Mr. Heyfuss entered smilingly, saluted both satellites of the Blue Star and sat down.

“Well, gentlemen,” he announced, “wonders will never cease. Every day I'm seeing, hearing and doing wonderful things in the shipping business. Day before yesterday I bought the old barkentine Mayfair. She'd been laid up in Rotten Row for seven years, and for at least four years the tide has been rising and falling inside her. She cost me seven hundred and fifty dollars, and I sold her the same afternoon to Al Hanify for a thousand. Not very much of a profit; but then it was Saturday and everybody closes up shop at noon, you know. So I felt the day wasn't a blank, anyhow.

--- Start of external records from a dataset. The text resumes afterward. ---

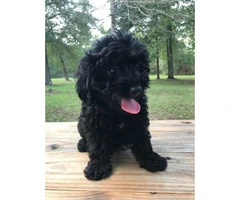 12 weeks old Shihpoo puppy - 3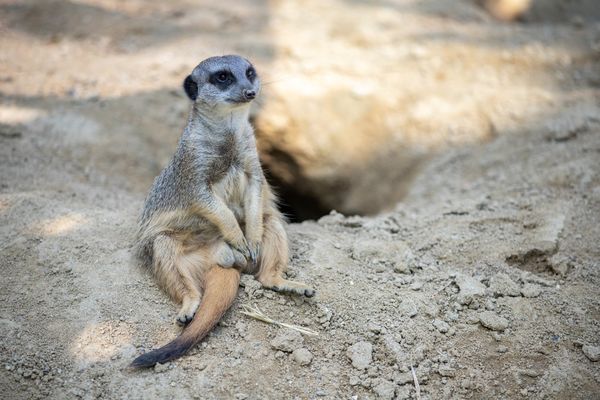 Tierische Begegnungen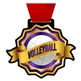 Volleyball Medal | Volleyball Award Medals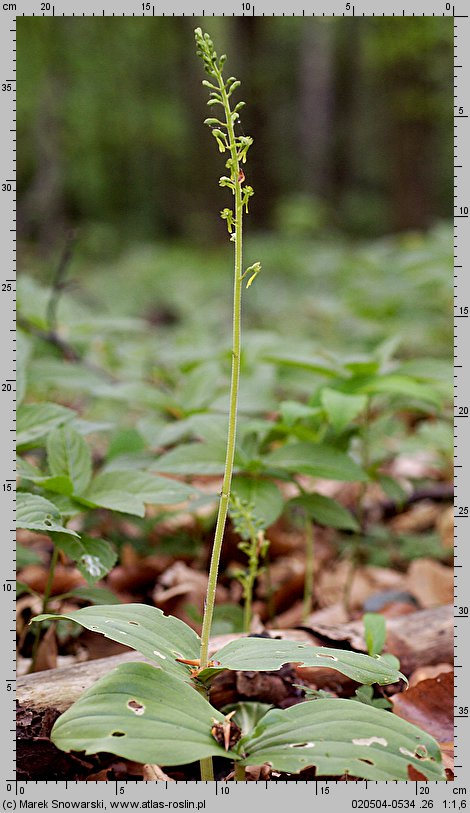 Listera ovata (listera jajowata)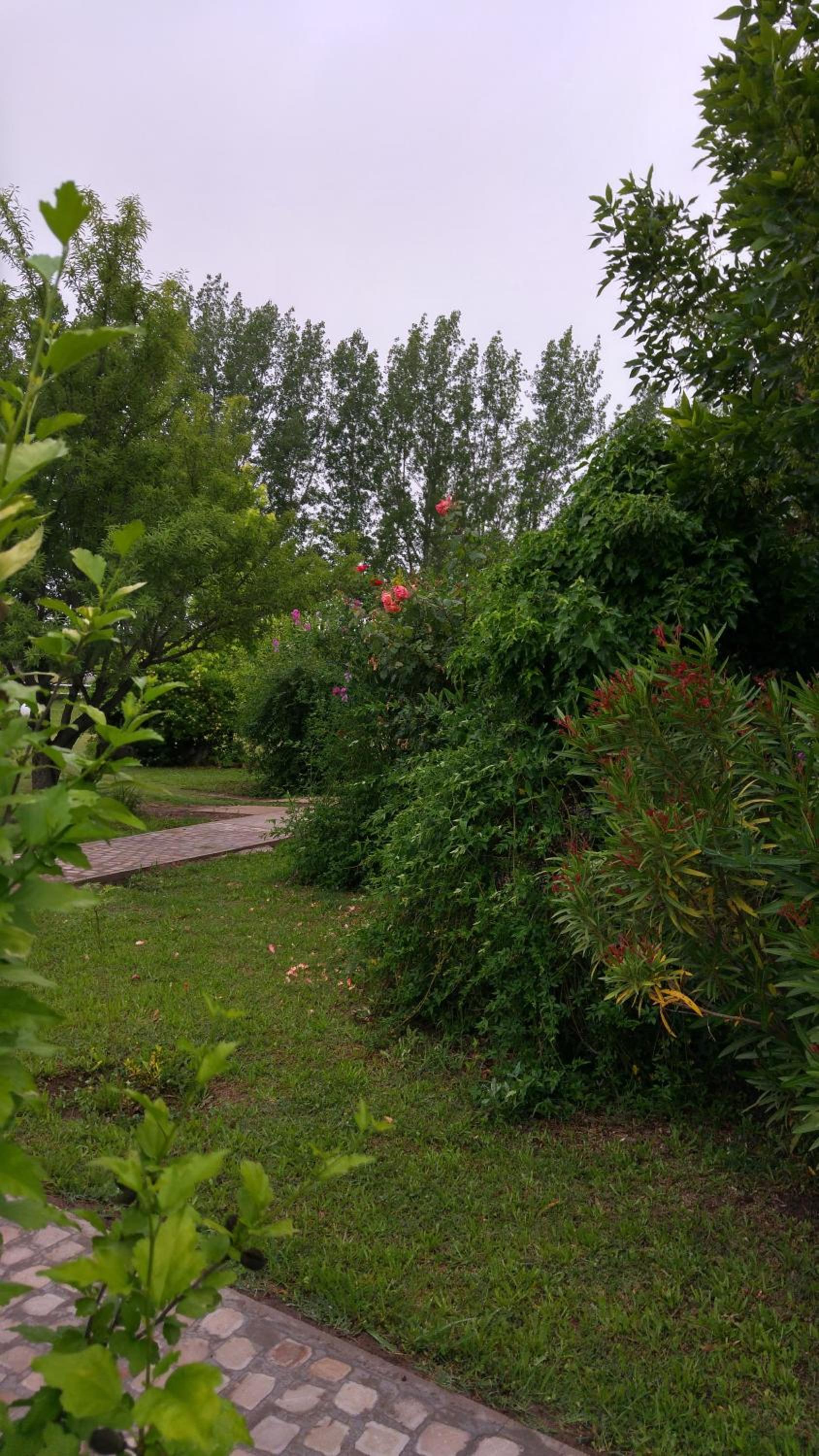 Villa Ciruelos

“And what do you suppose Al did? You'll laugh. He called up Crowley her out on Hanlon's Marine Way, putting a new bottom in her. They're going to spend twenty thousand dollars on her; and when she's ready for sea Redell has a cargo of fir for Sydney waiting for her.

“She'll come back with coal and make her owners at least fifty thousand dollars.”

“That's all very interesting to outsiders, but commonplace stuff to us,” Cappy reminded his visitor. “Have you got a commission to sell a ship for somebody?”

“Want one?”

“Surest thing you know!”

“All right. I'll sell you the Alden Besse. She's an old tea clipper, built in the forties; but she's sound and tight. Been a motion picture ship for the past five years. I can deliver her to you for forty thousand dollars.”

“No, you'll not. I sold her to the motion picture people for fifteen hundred,” Cappy countered, “and I don't want her back at any price. I send my boys to sea to earn a safe living, not to visit Davy Jones' locker.”

“Well, I think I might get you the old Australian prison ship, Success. She was built at Rangoon in 1790, of teak, and will last forever. Perhaps you saw her when she was exhibited at the Exposition last year. Might get her for you kind of cheap.”

“Nothing doing. Heyfuss, we want a steamer.”

“Sorry, but I haven't a thing in steamers. Just sold the last one I had ten minutes ago—the Penelope.”

“The what!” Matt Peasley and Cappy cried in chorus.

“The Penelope. Sold her to a big Eastern powder company. She goes into the nitrate trade, of course. These munition manufacturers must have powder, and to get powder they must have nitrate, and to get nitrate they must have ships, and to get ships they must pay the price. I got Hudner a million dollars for that ruin of a Penelope.

Matt Peasley gently seized J. O. Heyfuss by the ear and led him to the door.

“Out, thief!” he cried. “You can't sell us anything; so we don't want you hanging round this office. You might steal the safe or a roll-top desk, or something.”

Heyfuss departed, laughing good-naturedly, and Matt Peasley turned to confront Cappy Ricks. The latter had shrunk up in his chair and was looking as chopfallen and guilty as a dog caught sucking eggs. He favored his big son-in-law with a quick, shifty glance, and then looked down at the carpet.

Matt folded his arms and stared at him until he looked up.

“Don't you go to pick on me!” he warned Matt furiously. “I'll not be picked on in my own office, even by a relative.”

Matt threw back his head and chanted,

“I was right!” Cappy shrilled. “My mode of procedure was without a flaw.”

“Absolutely! The operation was a success, but the patient died.”

“But a feller just has to haggle!” Cappy wailed. He was almost on the verge of tears. “It's the basic principle of all trading. Why, I've made my everlasting fortune by haggling. Drat your picture, don't you know that the very pillars of financial success rest on counter-propositions?”

“Listen, relative, listen: I haven't said a word to you, have I?” Matt replied.

“No; but you looked it, and I'll not be looked at.”

“All right, Cappy, I'll not look. But I can't help thinking.”

“Thinking what?”

“That it's about time you quit talking about retiring—and retired!”